──────── Dataset section
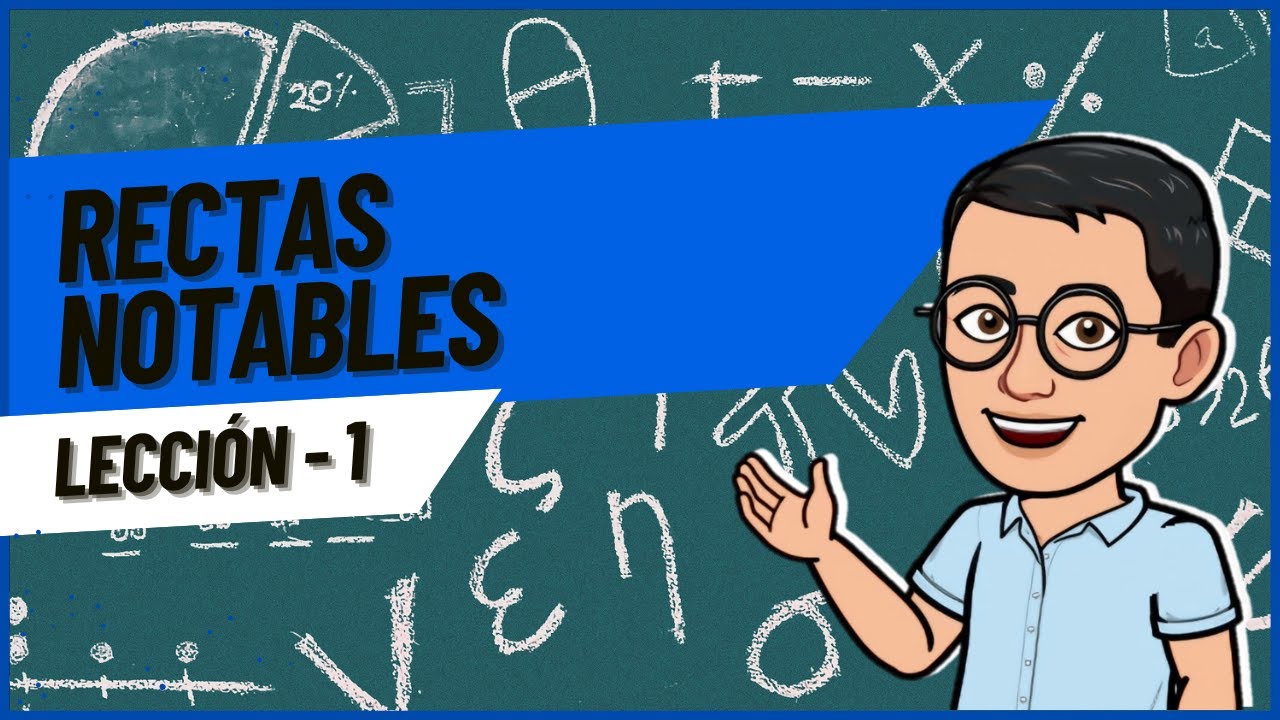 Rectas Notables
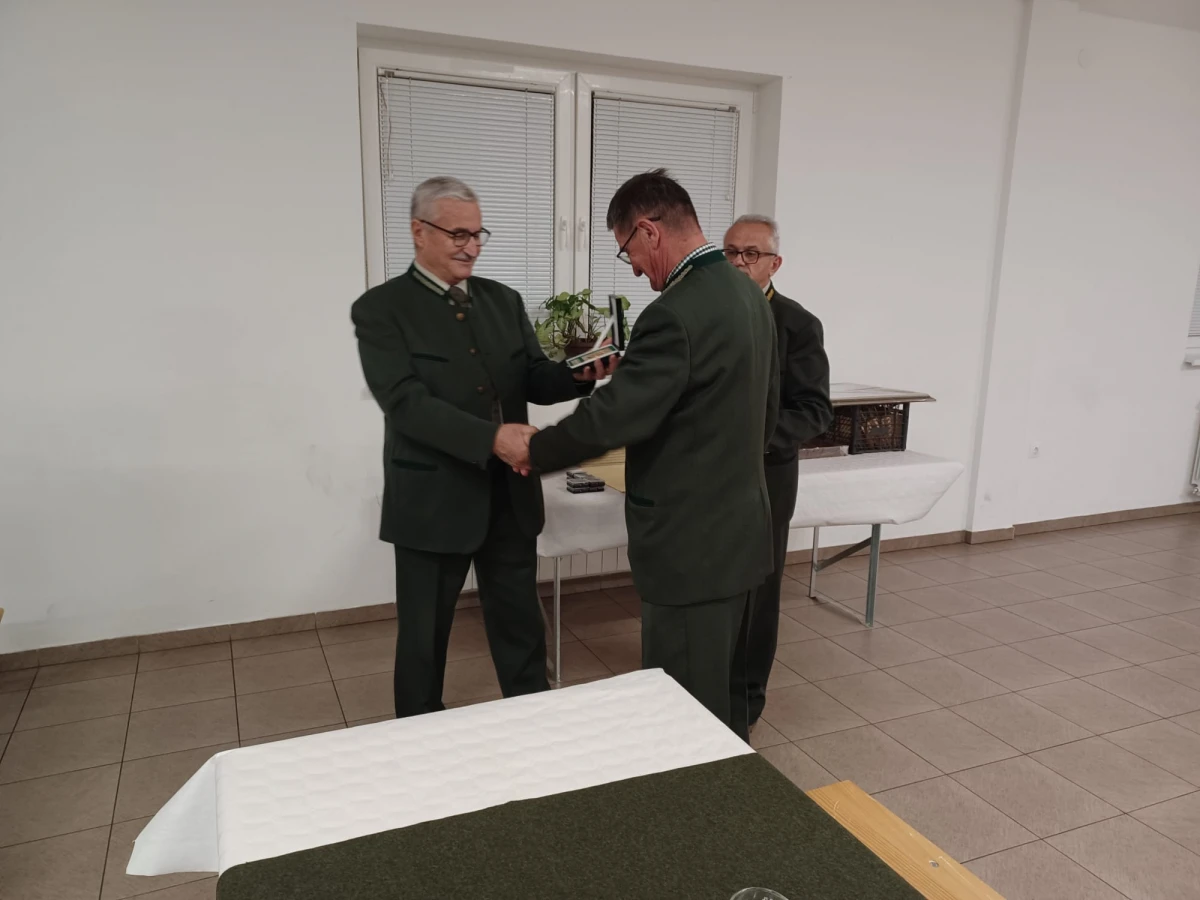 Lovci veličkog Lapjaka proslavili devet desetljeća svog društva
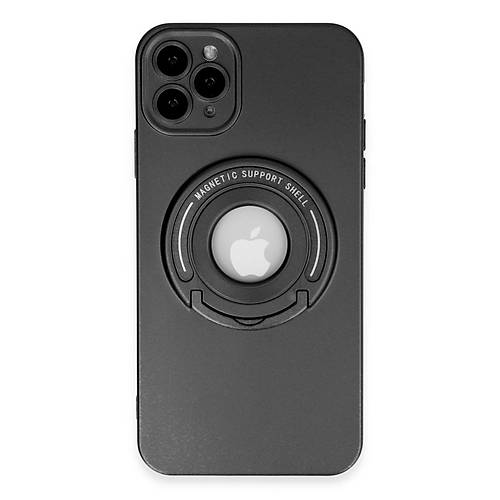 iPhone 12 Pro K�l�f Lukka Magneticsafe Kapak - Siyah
────────────────
▸ **Instructions for the task**
Everything in the listing above must be retyped exactly, except for the pictures.

▸ **Reply to the task**
 Rectas Notables
 Lovci veličkog Lapjaka proslavili devet desetljeća svog društva
 iPhone 12 Pro K�l�f Lukka Magneticsafe Kapak - Siyah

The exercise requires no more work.